La lutte contre les conflits d’intérêts, pourtant constitutionnalisée, reste un vœu pieux. L’État est toujours dirigé par des hommes d’affaires influents, à commencer par le monarque lui-même, dont les participations dominent la Bourse de Casablanca, et le chef du gouvernement, Aziz Akhannouch, dont les activités dans le secteur des carburants créent une confusion problématique entre intérêts privés et pouvoir public.

Une parole libérée mais une liberté verrouillée

Pour le politologue Mohammed Madani, le constat est sans appel : la Constitution de 2011 « n’a pas démocratisé le Maroc ». Elle a été une « réponse conjoncturelle » à une crise, qui a surtout permis à la monarchie de se rassurer sans garantir l’application des droits qu’elle contenait. La libération de la parole, gagnée de haute lutte, reste aujourd’hui l’un des seuls acquis de cette période.

Les associations de défense des droits humains alertent sur une « régression » et la répression des voix discordantes. Le mouvement de la « Gen Z » marocaine, qui a battu le pavé entre septembre et octobre 2025 pour réclamer du changement, en a fait les frais : près de 570 personnes ont été interpellées. Pourtant, dans son discours suivant ces manifestations, le roi a semblé reprendre à son compte les griefs des jeunes, appelant à ne pas opposer les investissements colossaux pour la Coupe du monde 2030 aux besoins des services publics.

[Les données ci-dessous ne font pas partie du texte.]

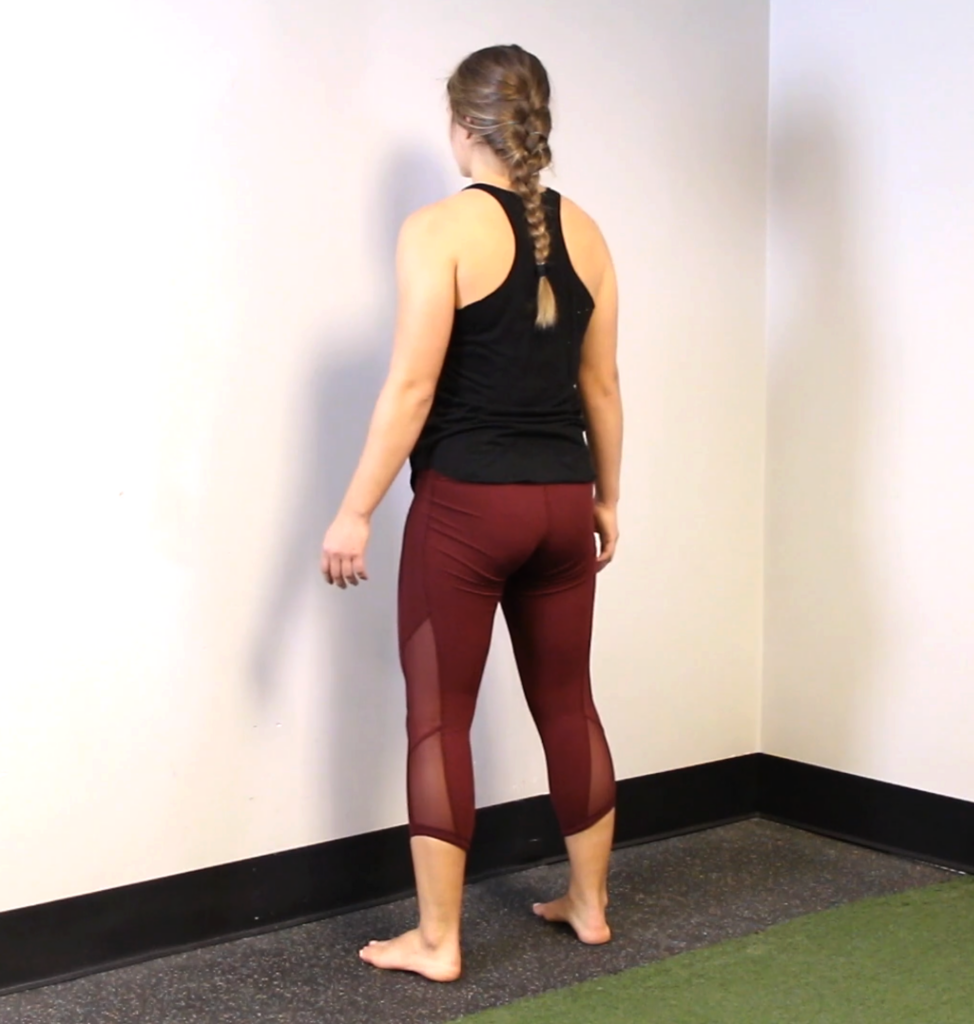 Wall spacing squats posture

Le décalage entre les intentions affichées et la réalité est saisissant. Le droit d’accès à l’information reste inapplicable, sévèrement restreint. L’exception d’inconstitutionnalité, qui permettrait aux citoyens de contester une loi, n’est toujours pas en vigueur. Et si le Premier ministre est désormais officiellement le chef de l’exécutif, issu du parti vainqueur des élections, la fragmentation du paysage politique (38 partis) et la loi électorale, savamment entretenues, l’empêchent de faire de l’ombre à la monarchie.

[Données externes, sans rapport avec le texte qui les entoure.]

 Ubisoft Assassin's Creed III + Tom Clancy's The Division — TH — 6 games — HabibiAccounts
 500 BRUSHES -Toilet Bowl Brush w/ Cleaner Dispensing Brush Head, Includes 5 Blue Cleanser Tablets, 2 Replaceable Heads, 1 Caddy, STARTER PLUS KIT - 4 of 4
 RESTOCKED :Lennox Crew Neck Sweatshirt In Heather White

Dans ce contexte de verrouillage, comment espérer « généraliser la participation de la jeunesse au développement du pays », comme le stipule pourtant la Constitution ? Pour beaucoup de manifestants de 2011, l’amertume est grande. Le seul gain tangible de ce print-là n’aura finalement pas été une Constitution vidée de sa substance, mais une libération de la parole que le pouvoir semble aujourd’hui s’employer à réduire au silence.